Do we need a ban or education? This question predominates the political debate about how to deal with children and advertising in many Western countries.
A 2009 study in Communications
shows that children’s susceptibility to advertising depends on the age of the child. Older children (10-12 y/o) who understand the persuasive intent of advertising are less
susceptible. Surprisingly, younger children (8-9 y/o) who understand advertising’s persuasive nature are more
susceptible to advertising. So, do we need a
ban on advertising or educate children about it's intent?

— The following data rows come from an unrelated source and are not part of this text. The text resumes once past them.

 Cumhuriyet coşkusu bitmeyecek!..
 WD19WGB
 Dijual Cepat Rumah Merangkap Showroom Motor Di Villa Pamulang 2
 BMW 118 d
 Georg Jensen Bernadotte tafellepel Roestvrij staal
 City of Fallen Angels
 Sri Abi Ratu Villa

This choice may depend on the age of the child.
- Children’s susceptibility to the persuasive influence of advertising depends on the type of advertising defense and the age of the child:
- older children (10-12 y/o) who understand the persuasive intent of advertising are less susceptible;
- younger children (8-9 y/o) who understand the advertising’s persuasive intent are more susceptible to advertising.
- Recent research shows that disliking advertising increases defenses among all ages.

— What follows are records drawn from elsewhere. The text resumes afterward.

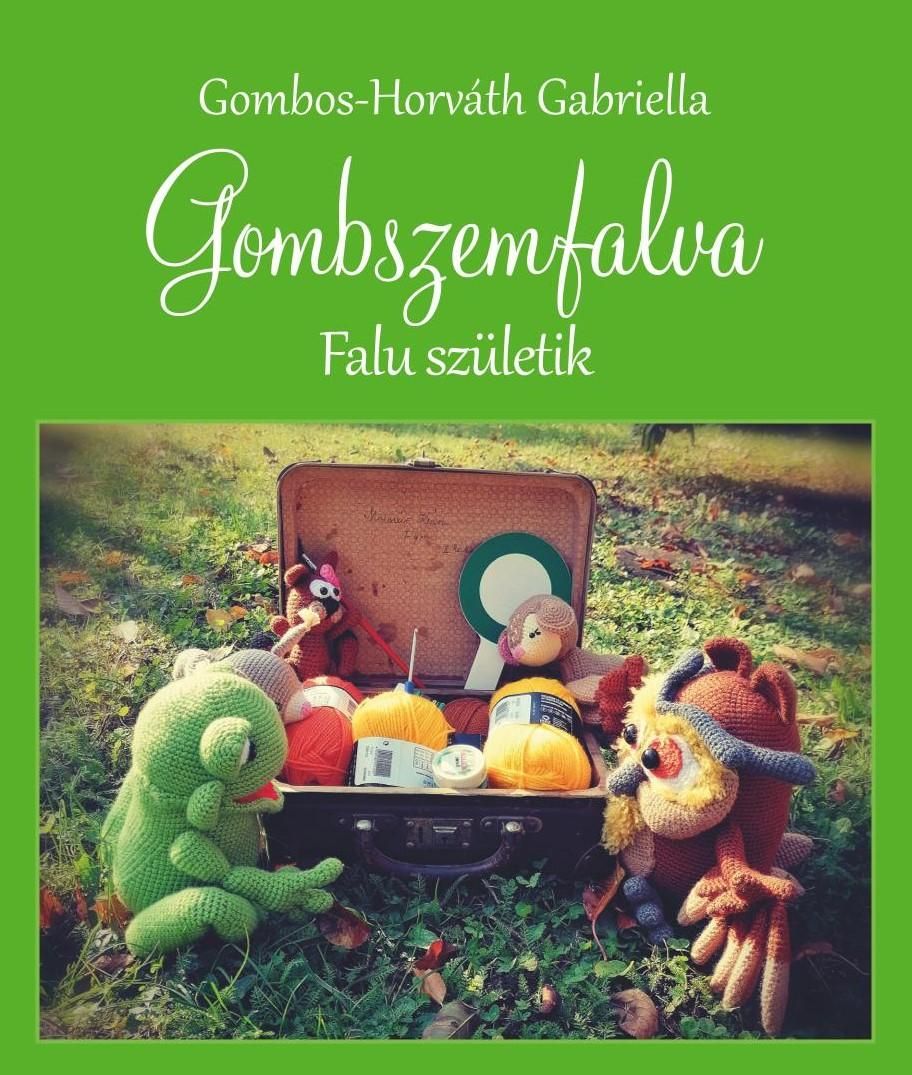 Gombszemfalva - falu születik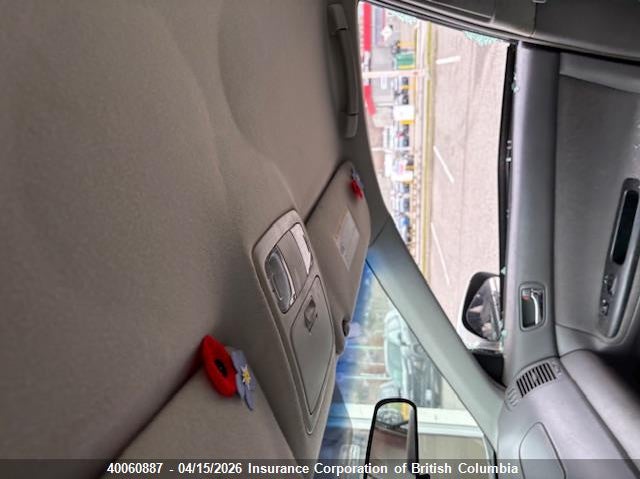 2005 Toyota Camry VIN: 4T1BE32K25U503485 Lot: 40060887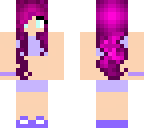 main skin swimsuit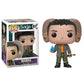 Funko Pop! Comics: Saga - Marko with decorative replica blade Collectible Figure
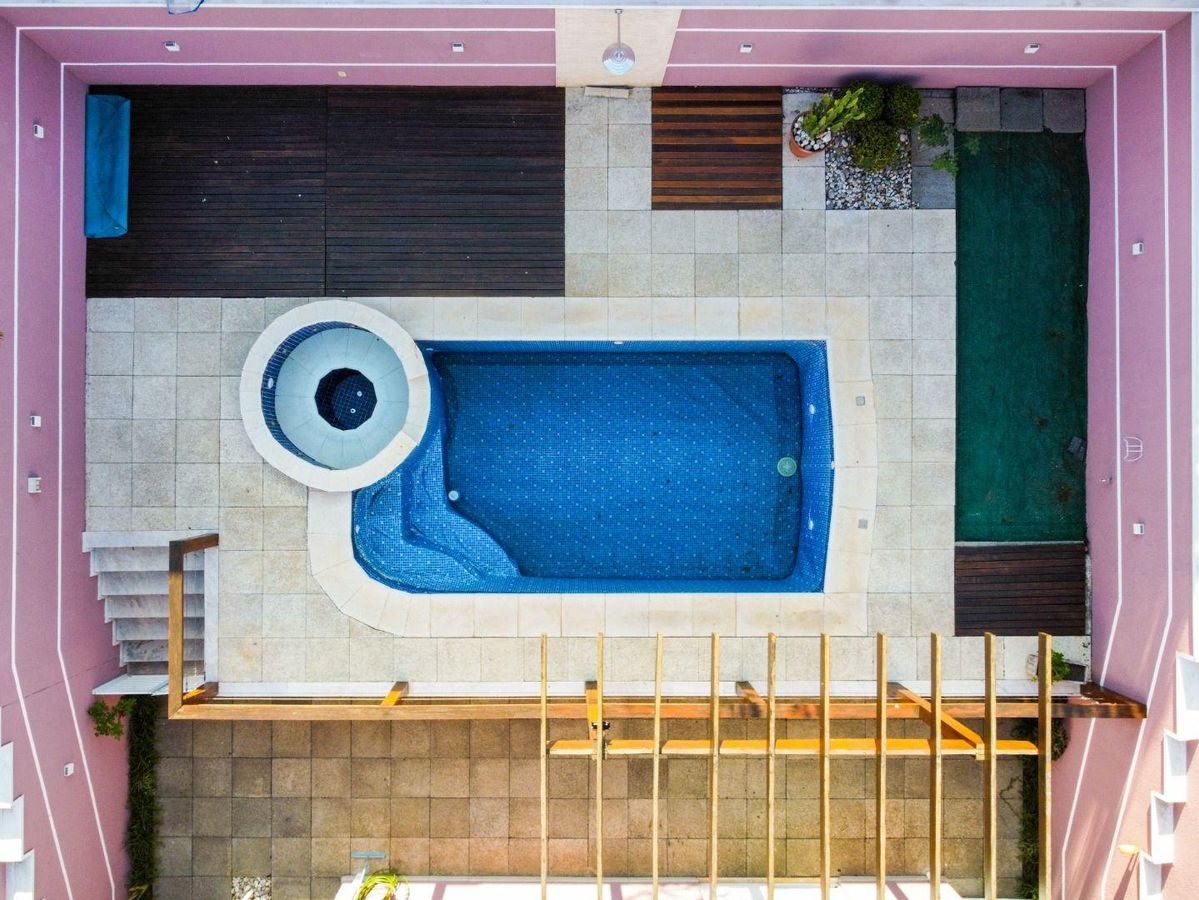 Casa com 3 dormitórios à venda, 255 m² por R$ 1.650.000,00 - Condomínio Residencial Terras do Caribe - Valinhos/SP, foto 2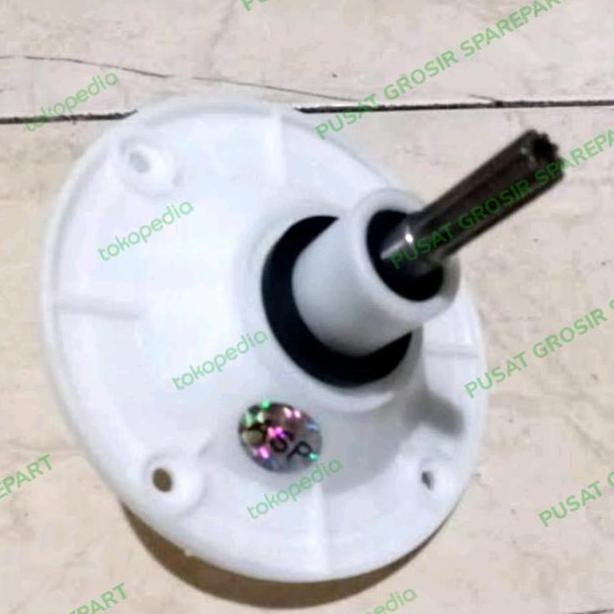 gearbox mesin cuci arisa 2 tabung as gerigi 10 RESTOCK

- When considering policy measures policy makers should take into account the age of the target group.
- When designing advertising interventions and education, developers should consider the type of defense that is being taught to children in different age groups.
Do children’s cognitive defenses against advertising reduce the relationship between advertising exposure and their desire for advertised products?
296 8- to 12-year old children (mean age: 10 years old; 52% boys)
This study was part of a larger study about children’s cognitive advertising defenses. The children filled out a computer-assisted online survey at school about their exposure to TV ads, desire for products in TV ads, and whether their parents talked about the content of the TV ads.
Then, the children watched child-directed TV ads and fragments of TV programs. After each TV program or ad, they answered questions about their recognition of advertising in the program or TV ad. For each TV ad, the children were asked an additional question about their understanding of its selling or persuasive intent.
Children’s recognition of advertising and understanding that advertising intends to sell products did not reduce the relation between advertising exposure and their desire for products in TV ads.
- However, older children (10-12 y/o) who understood that advertising intends to persuade were less susceptible to the persuasive influence of advertising.
- A possible explanation for this finding is that younger children are not yet capable of using their cognitive defenses against advertising.
- Understanding advertising’s persuasive intent had a boomerang effect for younger children (8-9 y/o). In other words, young children who understood that advertising intends to persuade were more susceptible to the impact of advertising.
- The authors gave the following explanation for this finding: for younger children it is difficult to process the persuasive content of an advertisement and to think critically about advertising therefore advertising could have a stronger persuasive effect on them.
- Critical fact: This study does not allow for any conclusions about cause (i.e., cognitive advertising defenses) and effect (i.e., susceptibility to the persuasive influence of advertising). The results only show that children’s cognitive defenses against advertising are associated with their susceptibility to the persuasive influence of advertising.
Esther Rozendaal, Moniek Buijzen, & Patti Valkenburg
Rozendaal (PhD) is a Senior Assistant Professor and Buijzen (PhD) a Professor and Chair of Communication Science at Radboud University. Valkenburg (PhD) is a Professor at the University of Amsterdam (all in the Netherlands).
Do children’s cognitive advertising defenses reduce their desire for advertised products?